Directions for this task —
Without any of their pictures, return all of the records exactly.

Records provided —
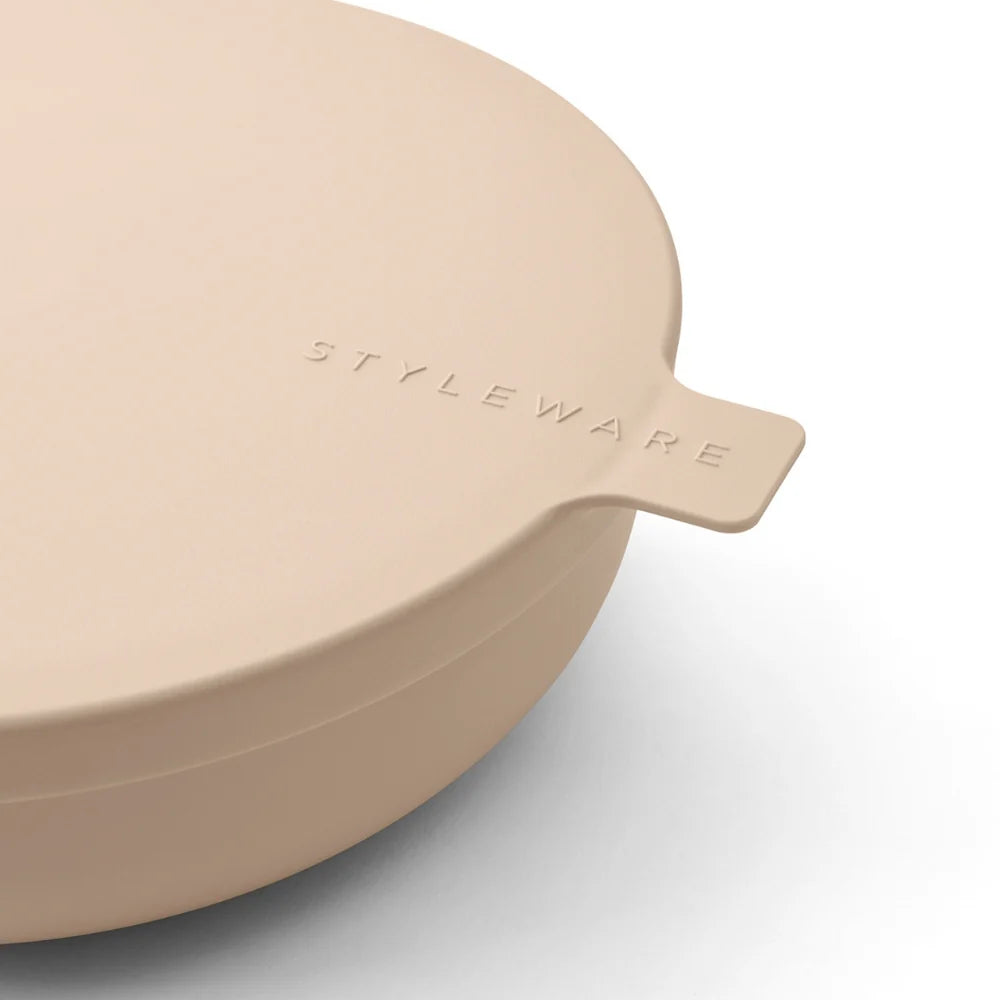 STYLEWARE NESTING TRAY 2-PIECE SET in Biscotti from Styleware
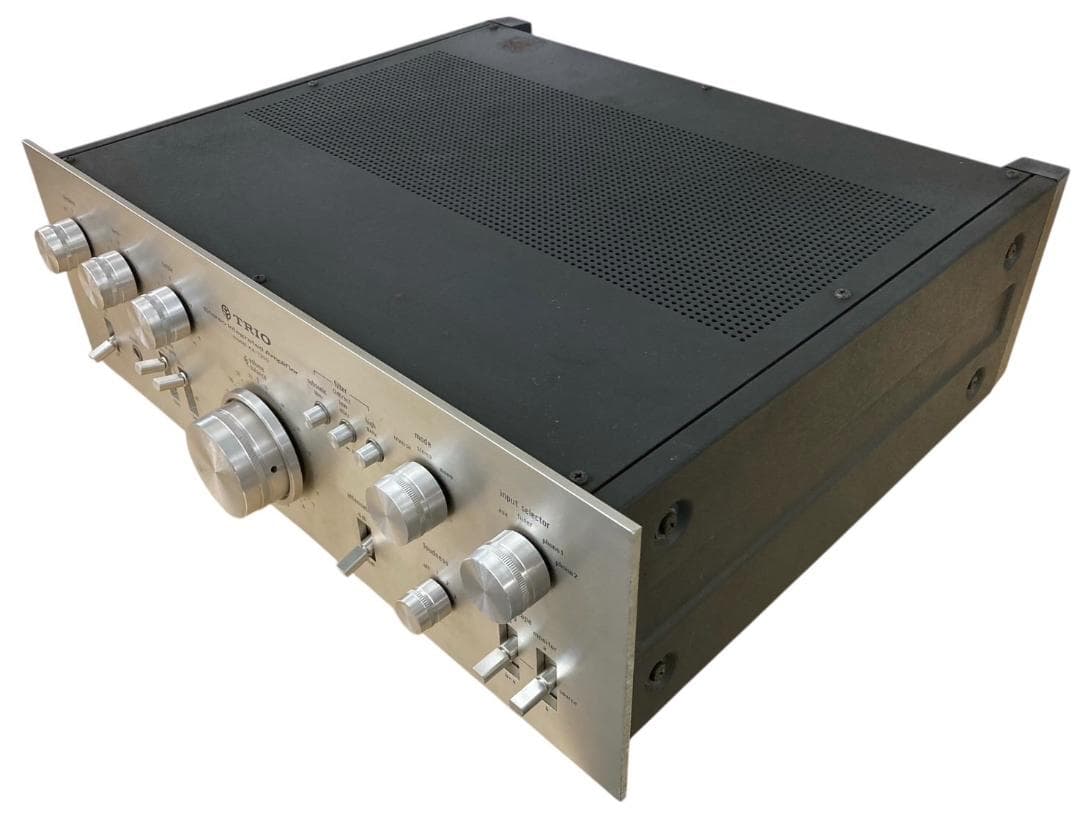 HFD2079 ★現状品★ TRIO トリオ プリメインアンプ KA-7300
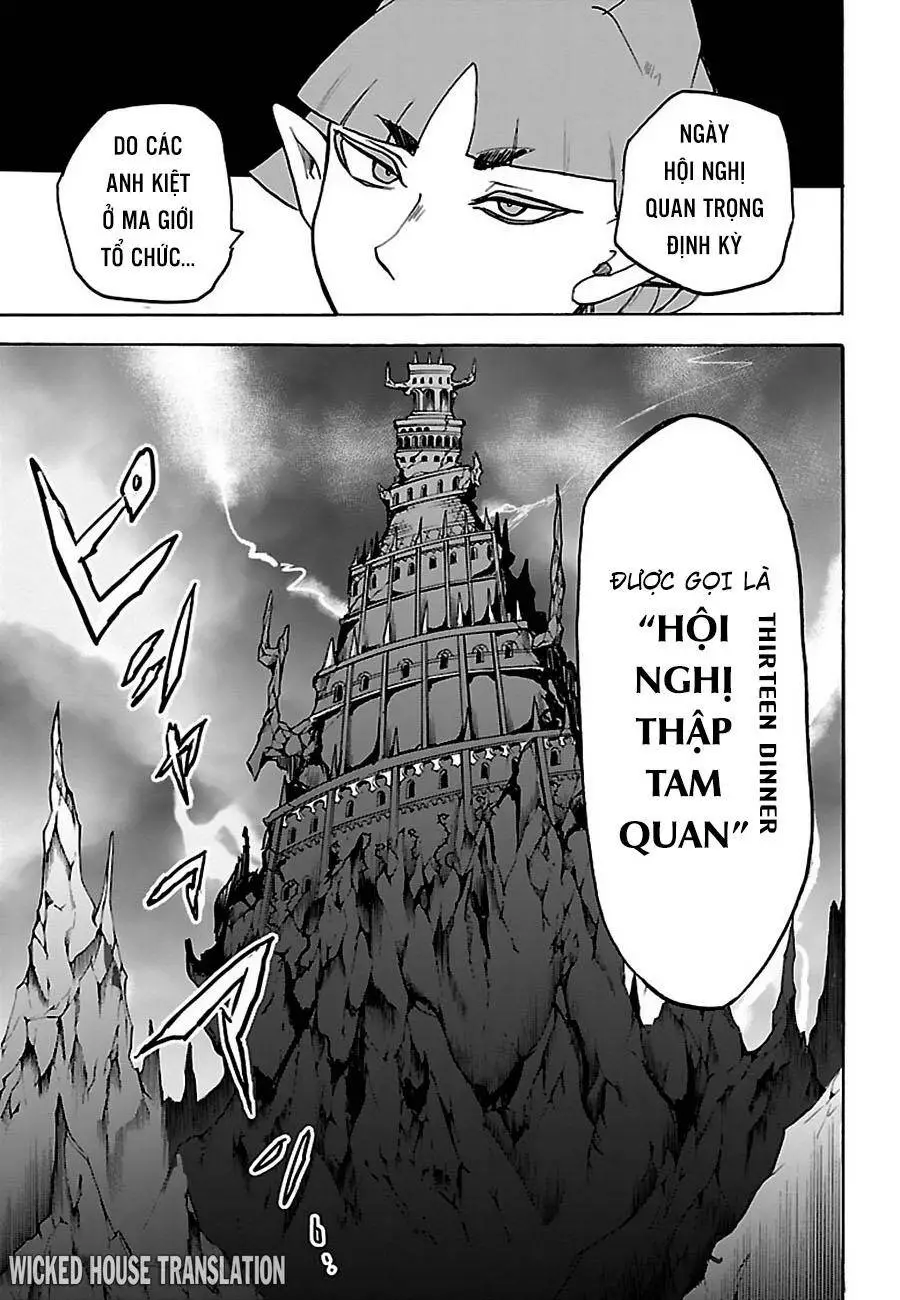 Chào Mừng Cậu Đến Trường Iruma-Kun Nettruyen ZZZ Chương 23 Page 5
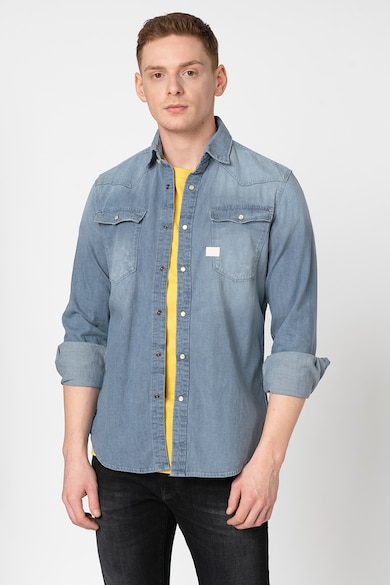 G-Star RAW Camasa slim fit din denim Barbati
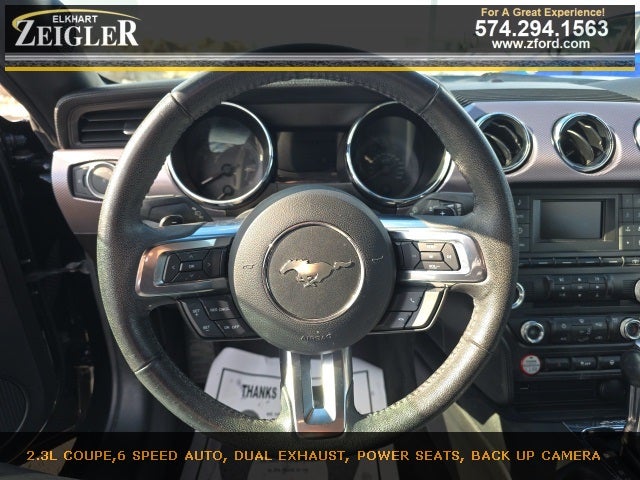 2017 Ford Mustang EcoBoost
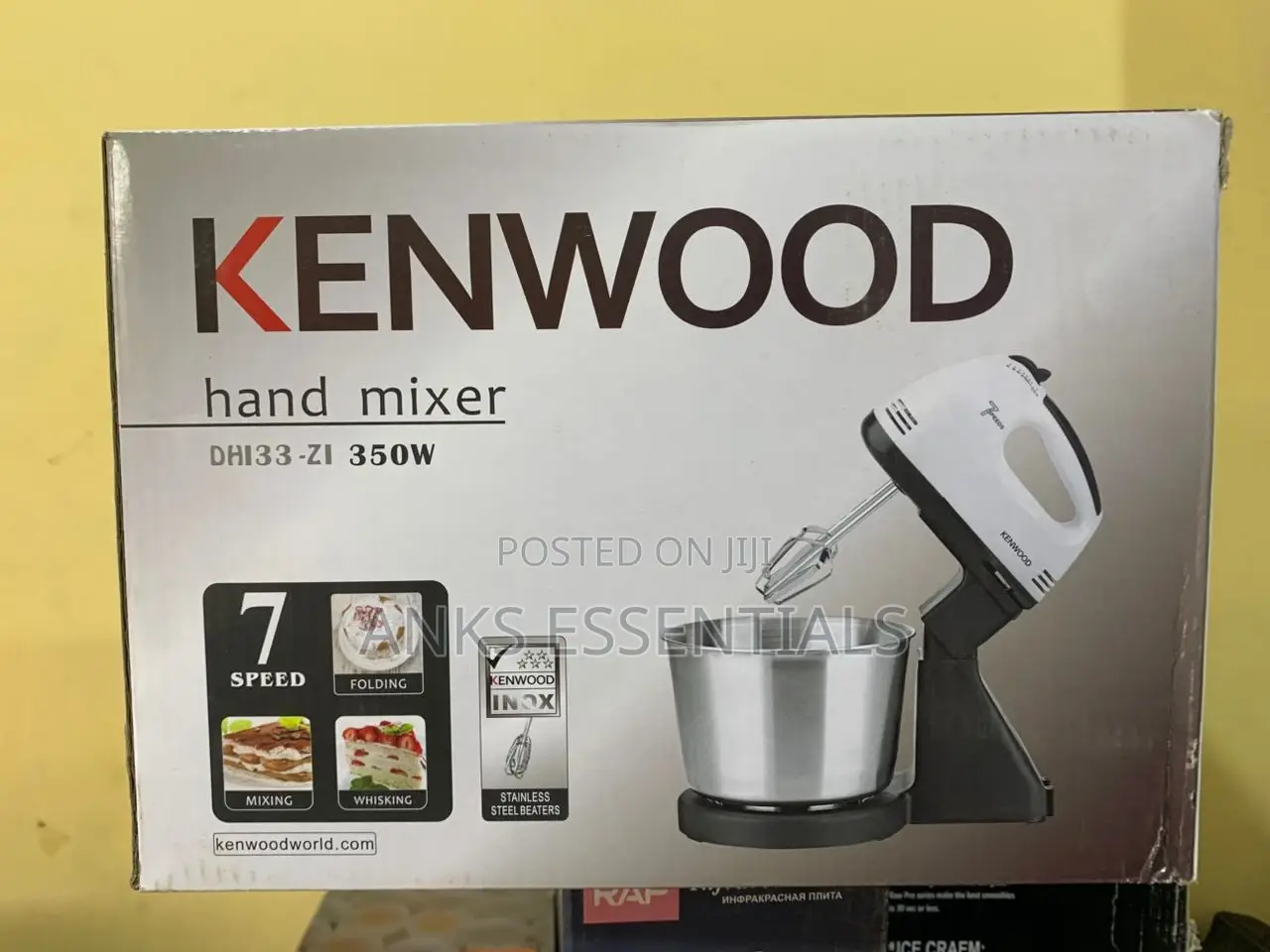 Original Kenwood Hand Mixer – 350w Kitchen Mixer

Answer box —
 STYLEWARE NESTING TRAY 2-PIECE SET in Biscotti from Styleware
 HFD2079 ★現状品★ TRIO トリオ プリメインアンプ KA-7300
 Chào Mừng Cậu Đến Trường Iruma-Kun Nettruyen ZZZ Chương 23 Page 5
 G-Star RAW Camasa slim fit din denim Barbati
 2017 Ford Mustang EcoBoost
 Original Kenwood Hand Mixer – 350w Kitchen Mixer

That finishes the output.